1 May 2019
Breaking the impasse… resolving conflict using mediation techniques
By Amanda Nudds, Solicitor and Mediator, Hayes + Storr.
The seemingly interminable failure of MPs to agree with Britain’s withdrawal agreement from the EU is typical of many intractable disputes. At some point in our lives, most of us will find ourselves at odds with someone over something. Each person will have their own ideas about what’s right (usually based on what’s most important to them) but that can result in both parties being totally unable to agree with an outcome – and a stalemate ensues.
Breaking that impasse can seem difficult, if not impossible. And that’s where mediation comes in. A form of dispute resolution used to prevent (or conclude) court proceedings. Here are ten useful techniques used in meditation to help find a settlement:
1. PARTICIPATION It’s important that both parties are willing to engage in the process, can put forward proposals as well as consider any proposals received.
2. EVIDENCE Both parties must be upfront and make available all key documentary evidence – so each side can understand the other’s position.
3. STATE YOUR POSITION Make your position clear from the outset, as it may be that one party has misinterpreted the other’s position. Explain what you believe to be right and why, and what you hope to achieve.

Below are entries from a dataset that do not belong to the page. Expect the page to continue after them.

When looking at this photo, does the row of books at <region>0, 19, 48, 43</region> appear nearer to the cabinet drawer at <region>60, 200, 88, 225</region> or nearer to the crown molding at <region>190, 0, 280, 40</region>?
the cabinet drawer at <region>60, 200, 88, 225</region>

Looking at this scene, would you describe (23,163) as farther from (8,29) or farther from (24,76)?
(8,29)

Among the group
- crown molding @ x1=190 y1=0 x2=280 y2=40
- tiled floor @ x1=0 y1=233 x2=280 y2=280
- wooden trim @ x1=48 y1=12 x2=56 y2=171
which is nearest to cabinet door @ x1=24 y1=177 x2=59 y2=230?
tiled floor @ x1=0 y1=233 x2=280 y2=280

4. WORK TOWARDS A SETTLEMENT Initially, each party’s aim will be to win, but it’s important to realise that resolution isn’t going to be a ‘win’ for one and a ‘loss’ for another – it will be a compromise that enables both parties to move on.

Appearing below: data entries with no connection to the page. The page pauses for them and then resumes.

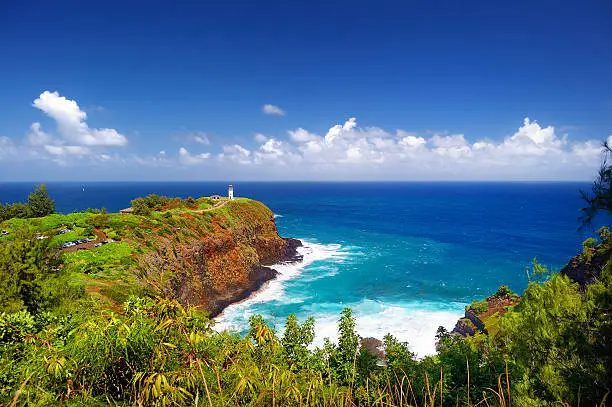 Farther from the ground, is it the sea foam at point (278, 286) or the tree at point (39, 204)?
the tree at point (39, 204)

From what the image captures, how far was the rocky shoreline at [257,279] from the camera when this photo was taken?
129 feet

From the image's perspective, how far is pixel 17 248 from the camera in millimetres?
14906

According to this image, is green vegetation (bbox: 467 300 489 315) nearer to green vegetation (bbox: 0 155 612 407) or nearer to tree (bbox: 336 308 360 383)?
green vegetation (bbox: 0 155 612 407)

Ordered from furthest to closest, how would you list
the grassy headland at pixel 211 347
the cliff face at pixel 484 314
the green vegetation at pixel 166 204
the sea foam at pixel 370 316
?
the green vegetation at pixel 166 204 < the sea foam at pixel 370 316 < the cliff face at pixel 484 314 < the grassy headland at pixel 211 347

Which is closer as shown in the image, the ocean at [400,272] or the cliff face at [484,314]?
the cliff face at [484,314]

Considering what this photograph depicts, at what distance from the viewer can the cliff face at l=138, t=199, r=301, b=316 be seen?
1459 inches

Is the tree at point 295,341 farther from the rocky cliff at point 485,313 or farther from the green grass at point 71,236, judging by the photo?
the green grass at point 71,236

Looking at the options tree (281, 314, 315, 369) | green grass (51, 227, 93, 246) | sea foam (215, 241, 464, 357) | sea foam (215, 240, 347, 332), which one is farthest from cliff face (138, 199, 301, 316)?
tree (281, 314, 315, 369)

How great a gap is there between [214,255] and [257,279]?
7.70 metres

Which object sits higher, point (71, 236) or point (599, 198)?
point (599, 198)

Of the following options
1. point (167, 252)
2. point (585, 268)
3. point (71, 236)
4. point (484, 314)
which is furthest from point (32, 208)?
point (585, 268)

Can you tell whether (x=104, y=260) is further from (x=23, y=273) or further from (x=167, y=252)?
(x=23, y=273)

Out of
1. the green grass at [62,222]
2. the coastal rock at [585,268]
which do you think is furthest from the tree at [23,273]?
the coastal rock at [585,268]

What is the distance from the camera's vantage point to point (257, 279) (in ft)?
159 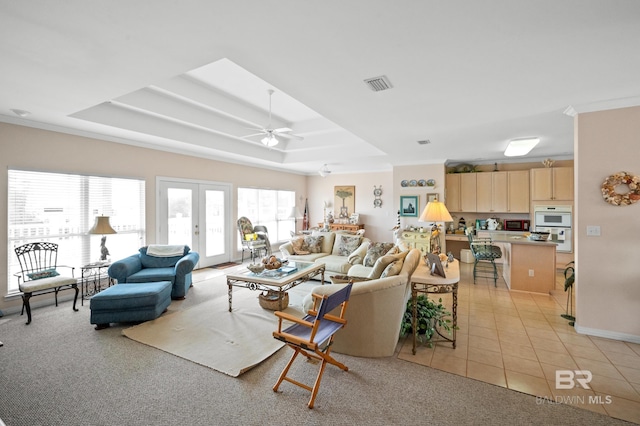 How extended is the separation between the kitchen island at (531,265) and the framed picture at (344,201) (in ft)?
16.1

5. BE RESPECTFUL Whatever your feelings, it’s important to treat the other party with respect. Being insulting only creates more barriers and makes it more difficult for any resolution to be achieved.
6. BE PERSUASIVE Highlight the merits of your position. It’s possible that the other party’s point of view may not be as strong as they originally believed. This can also bring the other party’s attention to the mutual benefits of a deal.
7. INTERESTS Identifying the other party’s interests can be difficult – but once you’ve asked questions and gleaned more information on what they want to achieve, you’ll have a much better understanding of what can be done.
8. BRAINSTORMING Neither party is going to leave with a settlement that includes everything they want. Explore and identify options that will satisfy both parties.
9. EMOTION Although conflict often gives rise to anger and frustration, it’s important to keep your emotions in check so you are able to think clearly and practically.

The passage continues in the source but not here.